Title: Methodology for recovery of hot carrier induced degradation in bipolar devices

Description:
RELATED APPLICATIONS 
   This application is a divisional of U.S. patent application Ser. No. 10/904,985, filed Dec. 8, 2004. 

   FIELD OF THE INVENTION 
   The present invention relates to bipolar transistors, and more particularly to silicon-containing, e.g., SiGe, heterojunction bipolar transistors (HBTs) that include a self-heating structure in the circuit level that obviates avalanche carrier related damages which typically decrease the drive current gain in both the forward and reverse bias mode. The present invention also provides a method for recovering hot carrier induced degradation of HBTs and other like bipolar transistors. 

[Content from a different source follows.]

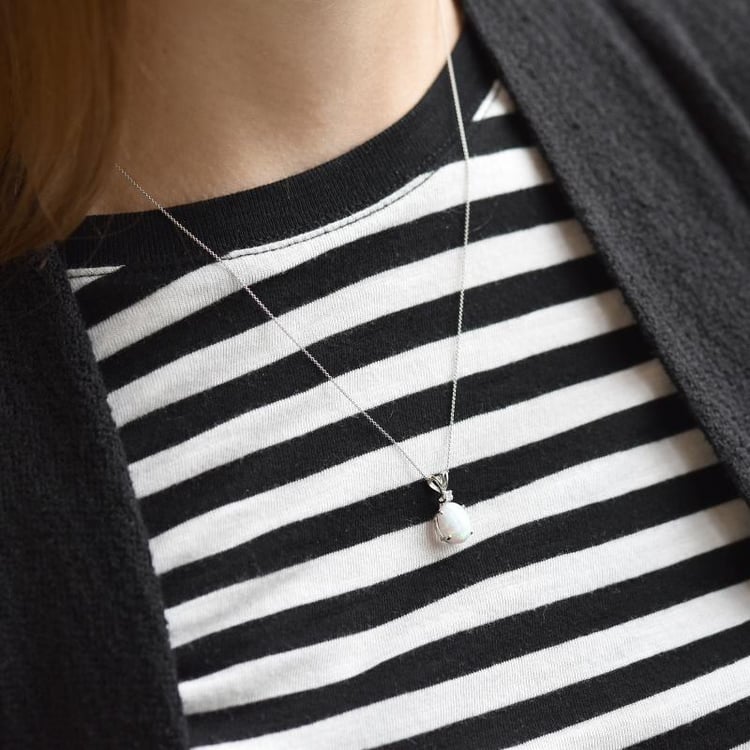 Weißer Opal auf dem Hals 38898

   BACKGROUND OF THE INVENTION 
   Bipolar transistors are electronic devices with two p-n junctions that are in close proximity to each other. A typical bipolar transistor has three device regions: an emitter, a collector, and a base disposed between the emitter and the collector. Ideally, two p-n junctions, i.e., the emitter-base and collector-base junctions, are separated by a specific distance. Modulation of the current flow in one p-n junction by changing the bias of the nearby junction is called “bipolar transistor action”. 

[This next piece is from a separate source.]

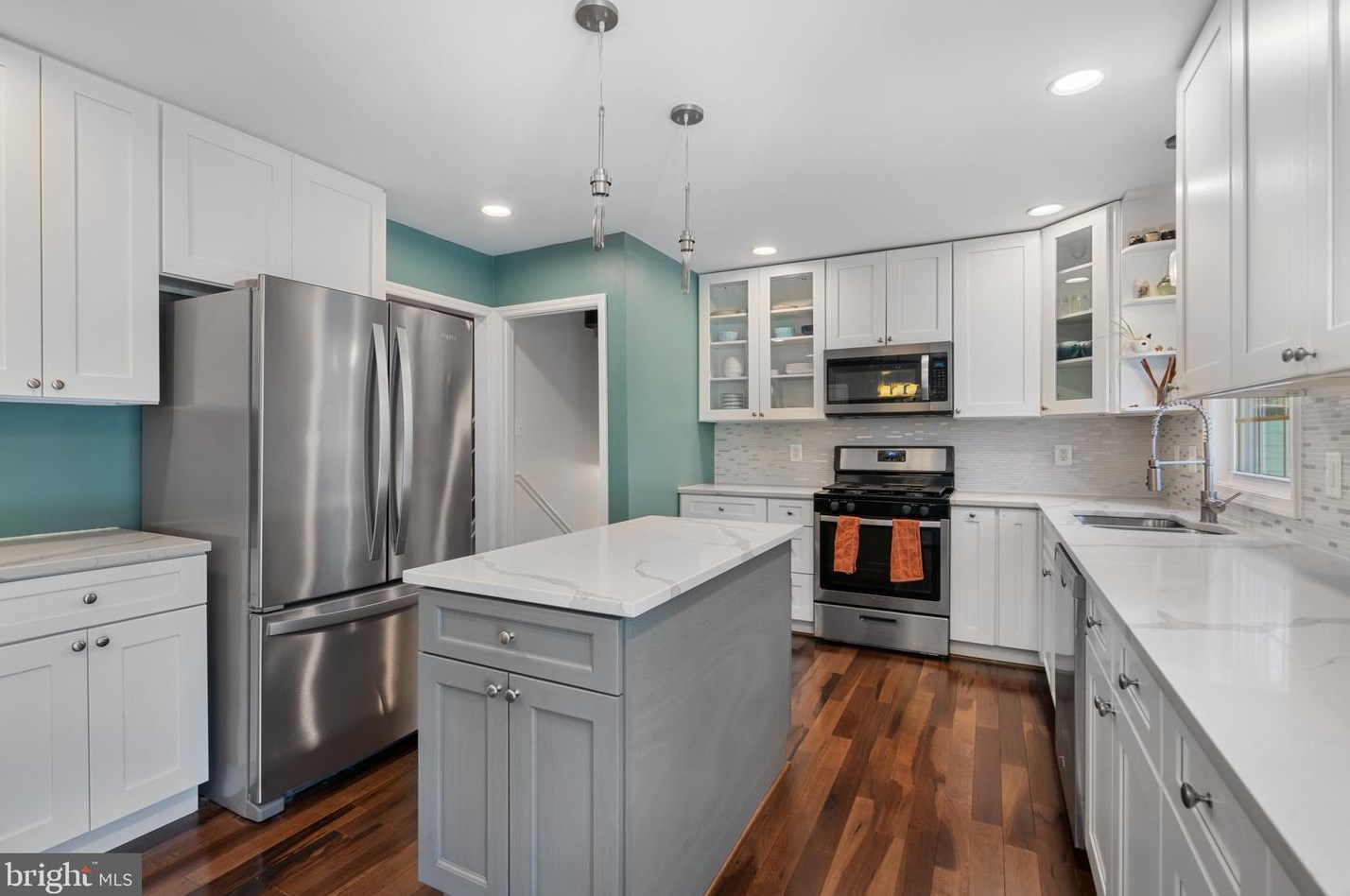 12528 Basswood Dr, Manassas VA  20112-3441 exterior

   If the emitter and collector are doped n-type and the base is doped p-type, the device is an “npn” transistor. Alternatively, if the opposite doping configuration is used, the device is a “pnp” transistor. Because the mobility of minority carriers, i.e., electrons, in the base region of npn transistors is higher than that of holes in the base of pnp transistors, higher frequency operation and higher speed performances can be obtained with npn transistors. Therefore, npn transistors comprise the majority of bipolar transistors used to build integrated circuits. 

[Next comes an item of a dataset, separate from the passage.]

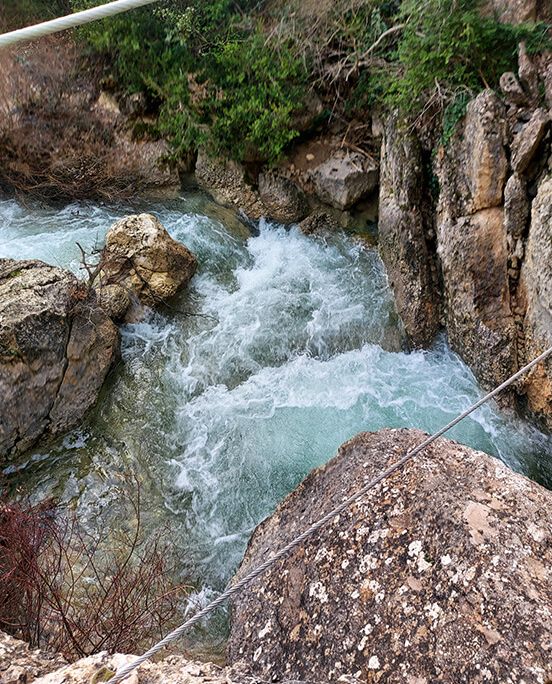 Rio isuala, estrecho de peñas juntas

   As the vertical dimensions of bipolar transistors are scaled more and more, serious device operational limitations have been encountered. One actively studied approach to overcome these limitations is to build transistors with emitter materials whose band gap is larger than the band gap of the material used in the base. Such structures are referred to in the art as ‘heterojunction’ transistors. 
   Heterostructures comprising heterojunctions can be used for both majority carrier and minority carrier devices. Among minority carrier devices, heterojunction bipolar transistors (HBTs) in which the emitter is formed of Si and the base of a silicon germanium (SiGe) alloy have recently been developed. The SiGe alloy is narrower in band gap than silicon. 
   The advanced SiGe bipolar and complementary metal oxide semiconductor (BiCMOS) technology uses a SiGe base in the HBT. In the higher-frequency (such as multi-GHz) regime, conventional compound semiconductors such as, for example, GaAs and InP, currently dominate the market for high-speed wired and wireless communication devices. SiGe BiCMOS promises not only a comparable performance to GaAs in devices such as power amplifiers, but also a substantial cost reduction due to integration of HBTs with standard CMOS, yielding the so-called “system on a chip”. 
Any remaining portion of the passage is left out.